With regard to civilian personnel, most of whom are paid with O&M funds, the Pentagon already has more workers than it can afford in the current year under sequestration, so it plans to furlough virtually all of them for approximately 14 work days beginning in June.

“But once we start the new fiscal year on Oct. 1, you’ve still got the same number of civilian personnel on the payroll. If we’re going to stay at those lower budget caps, that’s not affordable. They’re going to have to downsize the force, and it’s time to start planning now,” he said. “That takes time. It’s not the kind of thing you can wait until the start of the fiscal year for. I think it’s something they need to start planning for right now and make some smart, targeted reductions in the civilian workforce to get ahead of this curve.”

DoD would need to cut civilian workforce by 100,000

DoD’s civilian workforce has grown by about 100,000 people over the past decade, and Harrison’s ballpark estimate says the department would need to reduce its headcount by roughly that same number in order to bring its operation and maintenance budget in balance with other needs under the 10-year budget caps.

The department is already undergoing a de facto civilian downsizing by virtue of a hiring freeze that’s been in effect since January, foregoing most of the approximately 1,500-2,000 new hires it brings aboard in a typical week. But that’s not the most elegant way to trim the workforce.

“The problem with a hiring freeze, on top of a pay freeze, on top of a pay cut that everybody’s already taking because of the furloughs, is that they’re not targeted reductions across the force. They’re self-selected reductions. The worst way to downsize your workforce is to put people through something painful and then see who leaves voluntarily,” he said. “The people who are going to leave voluntarily are the people who are more likely to be highly skilled and can find work more easily outside of government. Those are probably the kind of people you want to keep.

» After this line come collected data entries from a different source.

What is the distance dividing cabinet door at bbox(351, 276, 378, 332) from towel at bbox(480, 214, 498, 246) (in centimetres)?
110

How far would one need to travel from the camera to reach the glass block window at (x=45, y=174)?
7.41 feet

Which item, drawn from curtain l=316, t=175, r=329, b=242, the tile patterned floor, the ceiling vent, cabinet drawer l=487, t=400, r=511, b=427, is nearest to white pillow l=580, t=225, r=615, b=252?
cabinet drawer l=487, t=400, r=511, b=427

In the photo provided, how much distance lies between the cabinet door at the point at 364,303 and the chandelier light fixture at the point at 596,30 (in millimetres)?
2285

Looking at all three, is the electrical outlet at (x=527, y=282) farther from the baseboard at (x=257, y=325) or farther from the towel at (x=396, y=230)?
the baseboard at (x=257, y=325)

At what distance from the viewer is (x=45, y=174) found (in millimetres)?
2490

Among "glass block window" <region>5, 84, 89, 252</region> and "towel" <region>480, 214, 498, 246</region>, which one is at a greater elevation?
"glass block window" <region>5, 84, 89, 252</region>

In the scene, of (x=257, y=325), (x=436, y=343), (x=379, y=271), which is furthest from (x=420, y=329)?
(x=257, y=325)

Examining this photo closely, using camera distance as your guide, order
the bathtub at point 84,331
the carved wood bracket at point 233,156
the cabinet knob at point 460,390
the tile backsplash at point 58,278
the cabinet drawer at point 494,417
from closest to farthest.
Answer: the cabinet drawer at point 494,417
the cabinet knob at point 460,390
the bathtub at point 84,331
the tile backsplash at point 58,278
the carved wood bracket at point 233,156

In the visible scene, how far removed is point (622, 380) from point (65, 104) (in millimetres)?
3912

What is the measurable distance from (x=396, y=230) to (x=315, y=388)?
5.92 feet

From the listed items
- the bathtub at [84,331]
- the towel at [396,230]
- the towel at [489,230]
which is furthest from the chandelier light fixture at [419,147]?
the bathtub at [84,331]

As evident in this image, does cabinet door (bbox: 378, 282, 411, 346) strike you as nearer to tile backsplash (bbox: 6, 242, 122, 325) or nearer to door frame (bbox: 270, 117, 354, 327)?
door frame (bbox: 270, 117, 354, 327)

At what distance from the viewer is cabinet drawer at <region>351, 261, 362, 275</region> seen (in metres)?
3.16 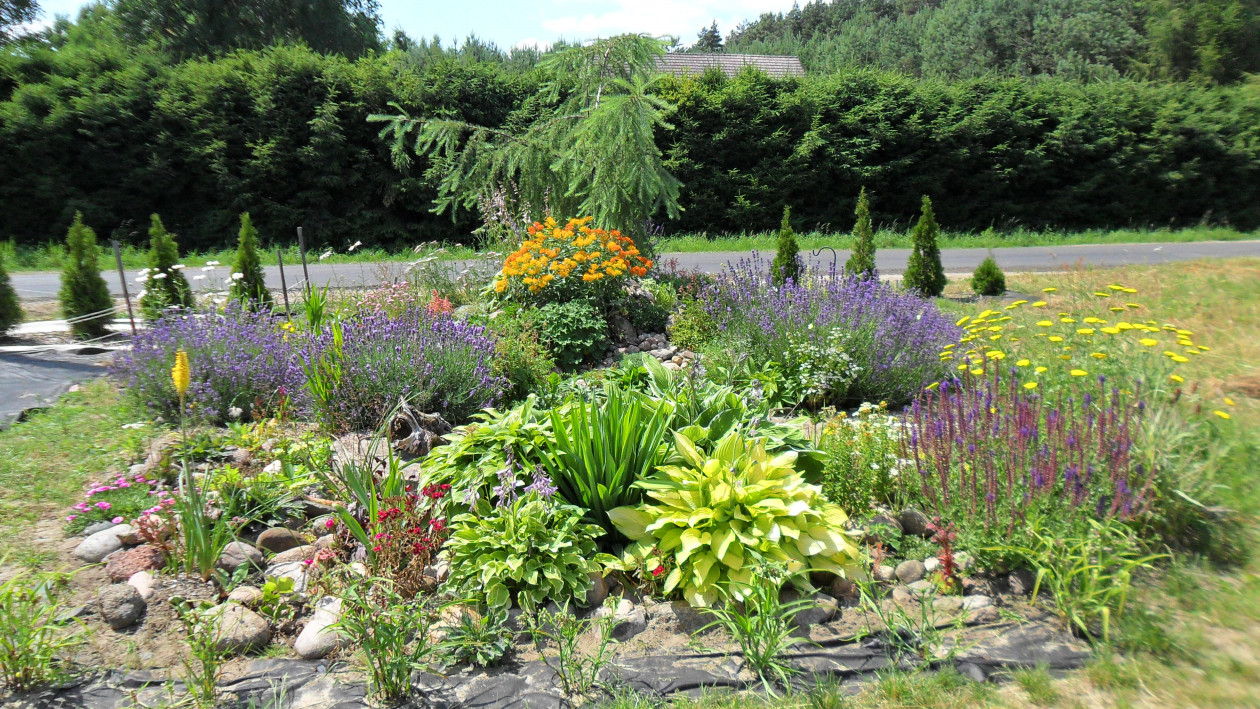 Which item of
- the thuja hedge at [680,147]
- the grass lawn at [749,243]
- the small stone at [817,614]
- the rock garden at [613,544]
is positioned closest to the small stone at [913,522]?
the rock garden at [613,544]

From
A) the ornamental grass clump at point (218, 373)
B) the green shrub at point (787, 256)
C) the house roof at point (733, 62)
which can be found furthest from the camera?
the house roof at point (733, 62)

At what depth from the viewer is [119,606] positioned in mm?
2967

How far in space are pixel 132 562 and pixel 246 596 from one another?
0.66 m

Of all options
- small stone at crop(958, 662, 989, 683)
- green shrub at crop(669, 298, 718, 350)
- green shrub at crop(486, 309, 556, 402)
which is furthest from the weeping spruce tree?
small stone at crop(958, 662, 989, 683)

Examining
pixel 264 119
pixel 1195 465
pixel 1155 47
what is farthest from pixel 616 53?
pixel 1155 47

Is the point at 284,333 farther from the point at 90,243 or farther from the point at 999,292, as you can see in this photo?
the point at 999,292

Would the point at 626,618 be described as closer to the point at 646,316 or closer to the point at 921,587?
the point at 921,587

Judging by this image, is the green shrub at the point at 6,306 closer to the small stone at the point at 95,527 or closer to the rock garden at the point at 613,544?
the rock garden at the point at 613,544

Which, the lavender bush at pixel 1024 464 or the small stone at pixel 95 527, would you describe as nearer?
the lavender bush at pixel 1024 464

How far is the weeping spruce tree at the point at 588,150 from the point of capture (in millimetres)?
8438

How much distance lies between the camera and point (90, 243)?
8227 mm

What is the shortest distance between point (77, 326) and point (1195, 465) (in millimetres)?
9805

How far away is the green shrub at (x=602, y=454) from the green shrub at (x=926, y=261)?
7.69 meters

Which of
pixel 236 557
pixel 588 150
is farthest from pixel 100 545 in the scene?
pixel 588 150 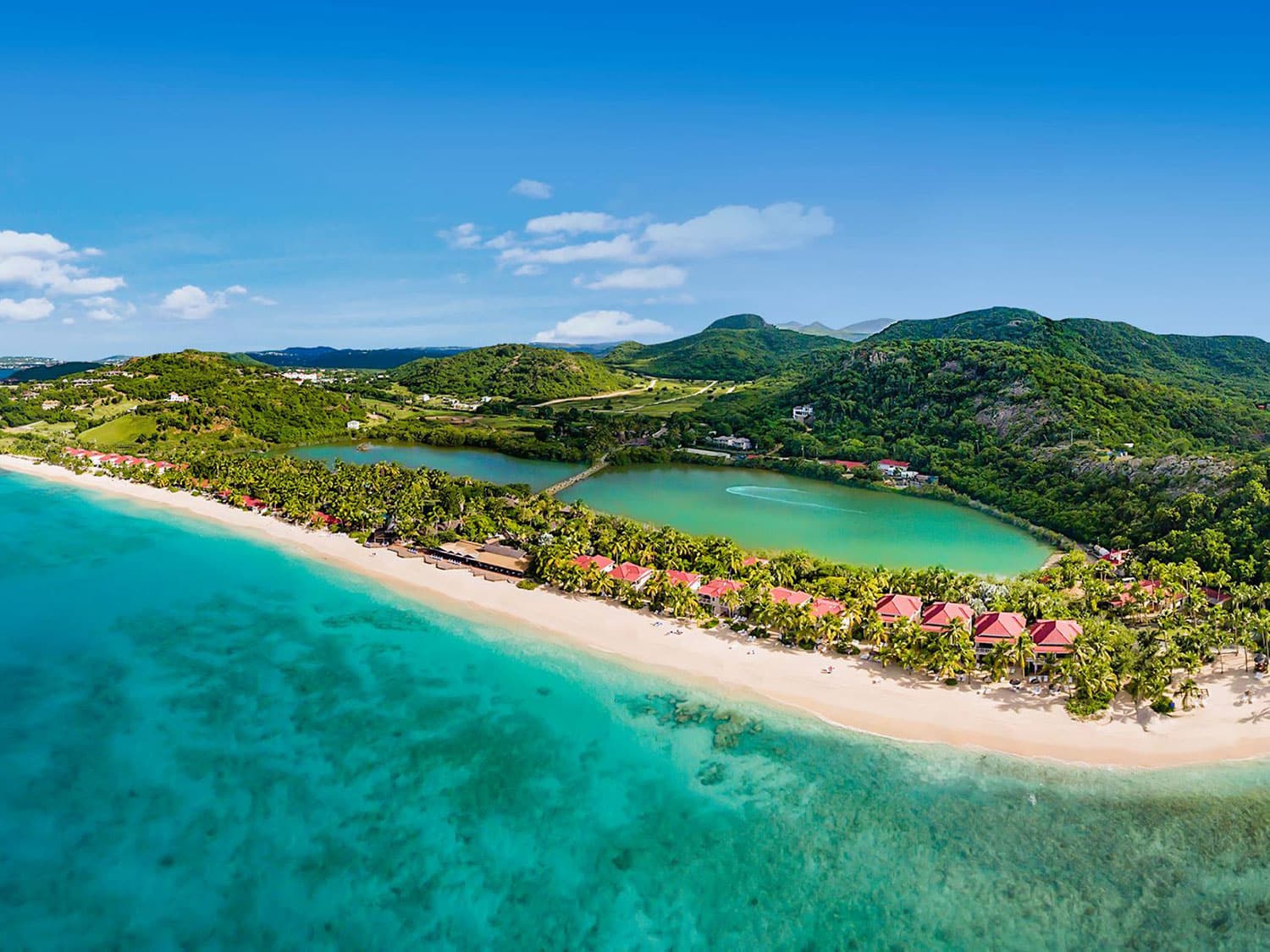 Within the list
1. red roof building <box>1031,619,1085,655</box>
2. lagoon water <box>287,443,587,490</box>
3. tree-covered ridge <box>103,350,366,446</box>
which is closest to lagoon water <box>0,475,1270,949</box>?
red roof building <box>1031,619,1085,655</box>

The people you’re left with are more likely going to be people who don’t think they have good prospects outside the department, or who are close to retirement eligibility and don’t want to lose their benefits by leaving early.”

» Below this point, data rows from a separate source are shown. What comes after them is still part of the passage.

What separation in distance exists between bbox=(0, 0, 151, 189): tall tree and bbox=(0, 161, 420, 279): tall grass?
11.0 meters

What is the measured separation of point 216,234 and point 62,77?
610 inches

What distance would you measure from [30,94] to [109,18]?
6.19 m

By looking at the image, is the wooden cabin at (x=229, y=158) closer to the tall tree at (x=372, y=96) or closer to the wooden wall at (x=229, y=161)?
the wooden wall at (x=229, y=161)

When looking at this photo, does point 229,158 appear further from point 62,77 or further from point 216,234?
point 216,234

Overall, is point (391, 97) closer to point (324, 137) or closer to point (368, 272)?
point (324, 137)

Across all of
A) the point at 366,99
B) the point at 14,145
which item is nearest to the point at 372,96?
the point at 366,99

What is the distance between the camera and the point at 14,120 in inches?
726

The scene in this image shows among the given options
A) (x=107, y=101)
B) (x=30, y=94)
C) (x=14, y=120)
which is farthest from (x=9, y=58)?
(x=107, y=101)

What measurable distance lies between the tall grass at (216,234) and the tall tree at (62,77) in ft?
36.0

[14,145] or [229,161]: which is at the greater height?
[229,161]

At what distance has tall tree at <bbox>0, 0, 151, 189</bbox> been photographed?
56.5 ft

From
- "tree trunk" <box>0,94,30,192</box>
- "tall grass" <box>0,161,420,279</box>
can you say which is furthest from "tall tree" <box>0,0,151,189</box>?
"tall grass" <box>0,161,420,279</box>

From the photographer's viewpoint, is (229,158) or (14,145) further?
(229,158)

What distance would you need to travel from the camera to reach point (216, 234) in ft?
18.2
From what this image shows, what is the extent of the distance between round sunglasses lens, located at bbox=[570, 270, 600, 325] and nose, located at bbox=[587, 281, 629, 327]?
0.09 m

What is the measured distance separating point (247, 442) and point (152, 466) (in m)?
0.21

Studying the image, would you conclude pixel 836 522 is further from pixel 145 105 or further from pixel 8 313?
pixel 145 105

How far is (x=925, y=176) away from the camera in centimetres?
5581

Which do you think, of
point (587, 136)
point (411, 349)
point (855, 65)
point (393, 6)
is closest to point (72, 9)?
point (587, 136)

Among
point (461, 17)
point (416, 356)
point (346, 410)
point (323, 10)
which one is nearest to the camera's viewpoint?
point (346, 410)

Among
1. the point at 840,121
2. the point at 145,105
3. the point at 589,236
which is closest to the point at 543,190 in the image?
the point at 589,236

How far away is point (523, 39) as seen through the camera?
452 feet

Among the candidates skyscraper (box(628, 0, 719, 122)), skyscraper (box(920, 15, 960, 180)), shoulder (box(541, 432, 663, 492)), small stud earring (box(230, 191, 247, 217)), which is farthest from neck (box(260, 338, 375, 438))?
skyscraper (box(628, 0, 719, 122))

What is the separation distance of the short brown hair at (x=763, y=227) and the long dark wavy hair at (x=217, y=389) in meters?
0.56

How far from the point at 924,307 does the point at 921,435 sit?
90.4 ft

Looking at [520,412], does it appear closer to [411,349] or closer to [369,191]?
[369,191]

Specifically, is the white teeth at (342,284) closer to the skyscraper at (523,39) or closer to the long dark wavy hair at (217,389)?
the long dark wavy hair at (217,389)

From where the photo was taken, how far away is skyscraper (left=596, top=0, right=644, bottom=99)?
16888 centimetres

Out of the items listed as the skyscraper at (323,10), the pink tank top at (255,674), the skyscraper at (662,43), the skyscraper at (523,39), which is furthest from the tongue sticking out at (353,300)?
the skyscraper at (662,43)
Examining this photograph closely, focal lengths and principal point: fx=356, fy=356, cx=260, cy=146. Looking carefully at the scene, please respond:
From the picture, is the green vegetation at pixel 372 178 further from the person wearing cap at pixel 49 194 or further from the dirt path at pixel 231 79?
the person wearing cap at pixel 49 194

For military personnel, CSBA’s projections on the crowding out of the budget assume that DoD will not cut end strength any further than it already proposed in last year’s budget, but realistically, Harrison said the military side of the manpower equation will have to shrink as well. But he said it’s vital for DoD to take steps right away to begin to slow the trajectory of the year-over-year increases in the costs it incurs for each uniformed service member.

Ten years ago, DoD spent an average of $70,000 per year on pay and benefits for each soldier, sailor, airman or marine, not counting the cost of benefits paid through other agencies, like education and health programs funded through the Department of Veterans Affairs or tax benefits handled by Treasury. Today, according to CSBA, that number is $110,000, and still growing.